Le poids des images, la force des réseaux
L’étincelle, disent certains, est venue d’ailleurs, des smartphones, des hashtags, et d’une opinion publique qui refuse désormais de se taire. Vidéos de familles refoulées, photos de plages balisées à la bombe, témoignages d’humiliations… Sur Facebook, TikTok ou Instagram, les récits se multiplient. «?C’est la honte numérique qui les fait reculer», estime Nassim, étudiant résident à Haï El Yasmine. «Ils ont plus peur d’être filmés que d’être arrêtés». C’est triste, mais efficace», a-t-il expliqué. Les hashtags #PlagePourTous et #StopAuSquat, relayés massivement, ont fait le tour du pays, forçant les décideurs à réagir. À Oran, la pression est devenue insoutenable mais salutaire.

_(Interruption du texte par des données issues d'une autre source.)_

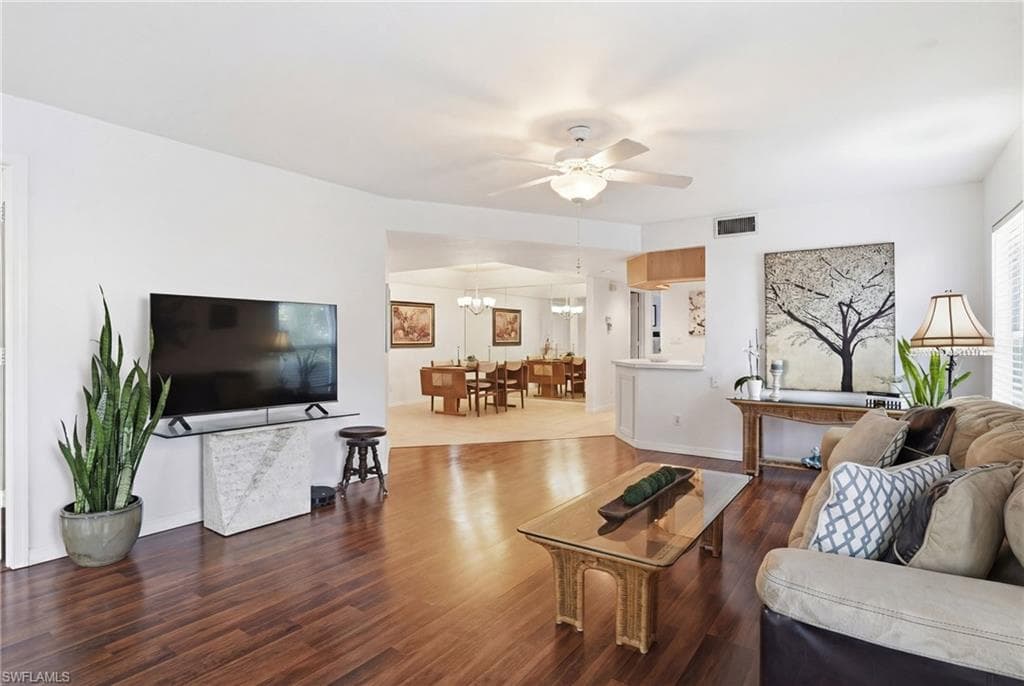 9856 Luna CIR # A101, NAPLES FL 34109-5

Sur certaines plages comme Madagh 2, encore épargnées, l’ambiance rappelle une Algérie d’avant le désordre. Des familles posent leurs serviettes sans crainte, les enfants bâtissent des châteaux de sable, et les rires ne sont pas étouffés par les cris des racketteurs. Yasmina, 68 ans, descend lentement à la plage. Dans sa main, une boîte à gâteaux faite maison. Autour d’elle, ses petits-enfants courent en direction de l’eau. «?C’est ça la mer. Pas de parasols à louer. Pas des menaces. Juste du sable, de l’eau, et la paix».
L’été où l’État a dit non
Août 2025 pourrait bien marquer un tournant. L’été où les plages d’Oran ont commencé à respirer à nouveau. L’été où l’État a dit non à l’anarchie, en stoppant par la force de la loi cette gloutonnerie frénétique de ces “sans lois » qui se sont emparés, des années durant, des sables en les transformant en propriété privée.
Cette réappropriation est l’œuvre de la mobilisation infaillible de ces hommes qui ont prêté serment de ne jamais lâcher au devoir national. Mais rien n’est totalement acquis, préviennent les plus lucides.
Derrière chaque parasol saisi, il y a un squat qui peut renaître. Derrière chaque victoire, un combat qui attend de recommencer. Et pourtant, quelque chose a bougé. Un réflexe collectif. Une vigilance nouvelle. Un souffle d’espoir qui, cette fois, semble vouloir durer plus qu’un été, dans la durée, autant que cela puisse durer. Des racketteurs chassés serviront d’enseignement pour tout autre qui ose défier la force de la loi. «Un homme averti en vaut deux», dira majestueusement un policier en faction aidant une vieille dame dans l’installation de son parasol.